В этом пародийном контексте, разрушающем всякую литературную условность в столкновении с материальной реальностью, жанр восточной повести тоже дискредитируется в своей идеальной утопичности. История перерождения Каиба в идеального монарха начинает восприниматься как литературный штамп, совершенно подобный условности арабской сказки, ирреальности облика одического героя и идиллической невещественности литературного пастушка. От разрушительных последствий крыловской иронии уцелел только конкретно-бытовой жанр сатиры, стремящейся к максимальной жизнеподобности своего мирообраза.

Через два года после публикации радищевского «Путешествия из Петербурга в Москву» и в тот самый год, когда начал систематически публиковать свои «Письма русского путешественника» Карамзин, Крылов тоже внес свой вклад в русскую литературу путешествий. И все три, казалось бы, столь разные, жанровые модификации путешествия – радищевское путешествие по социально-политической карте России, карамзинское путешествие по странам Западной Европы, крыловское путешествие по миру литературных условностей и штампов – оказываются поразительно одинаковы по своему общему результату.

Итогом путешествия каждый раз оказывается ясное зрение, умение отличать истину от лжи, условность от реальности, обретение самосознания и самостоятельной жизненной позиции, с той только разницей, что у Радищева и Карамзина это происходит с героями-путешественниками, а у Крылова – с читателем, поскольку прозрение Каиба имеет характер литературной условности, которая зато очень хорошо видна читателю. В этом смысле можно сказать, что именно смеховая, пародийная природа крыловской модификации романного мотива путешествия и универсальность сатирического мирообраза, вобравшего в себя к концу века все характерные приемы миромоделирования высоких жанров, обеспечивают освобождение от иллюзий на всех уровнях субъектно-объектной организации текста: авторское ясновидение сообщается читателю именно через очевидную условность и пародийность прозрения героя.
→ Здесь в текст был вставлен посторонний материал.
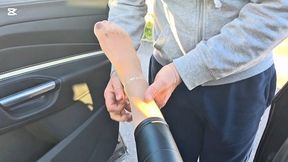 La Miss oggi protagonista di una distorsione al parco. Stivali alti, tacchi alti, pantaloni in pelle. Dopo un inverno lungo e freddo decide di andare a chattare con i suoi follower ma.! Qualcosa va storto, pavimentazione dissestata provoca una storta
Шутотрагедия «Подщипа»: литературная пародия и политический памфлет

Всем ходом эволюции творчества Крылова 1780-1790-х гг., систематической дискредитацией высоких идеологических жанров панегирика и торжественной оды была подготовлена его драматическая шутка «Подщипа», жанр которой Крылов обозначил как «шутотрагедия» и которая по времени своего создания (1800 г.) символически замыкает русскую драматургию и литературу XVIII в. По справедливому замечанию П. Н. Беркова, «Крылов нашел изумительно удачную форму – сочетание принципов народного театра, народных игрищ с формой классической трагедии»[168]. Таким образом, фарсовый комизм народного игрища, традиционно непочтительного по отношению к властям предержащим, оказался способом дискредитации политической проблематики и доктрины идеального монарха, неразрывно ассоциативной в национальном эстетическом сознании жанровой форме трагедии.

Крылов задумал и написал свою пьесу в тот период жизни, когда он практически покинул столичную литературную арену и жил в имении опального князя С. Ф. Голицына в качестве учителя его детей. Таким образом, пьеса была «событием не столько литературным, сколько житейским»[169]. И это низведение словесности в быт предопределило поэтику шутотрагедии.

Прежде всего, густой бытовой колорит заметен в пародийном плане шутотрагедии. Крылов тщательно соблюдает каноническую форму трагедии классицизма – александрийский стих, но в качестве фарсового приема речевого комизма пользуется типично комедийным приемом: имитацией дефекта речи (ср. макаронический язык галломанов в комедиях Сумарокова и Фонвизина) и иностранного акцента (ср. фонвизинского Вральмана в «Недоросле») в речевых характеристиках князя Слюняя и немца Трумфа.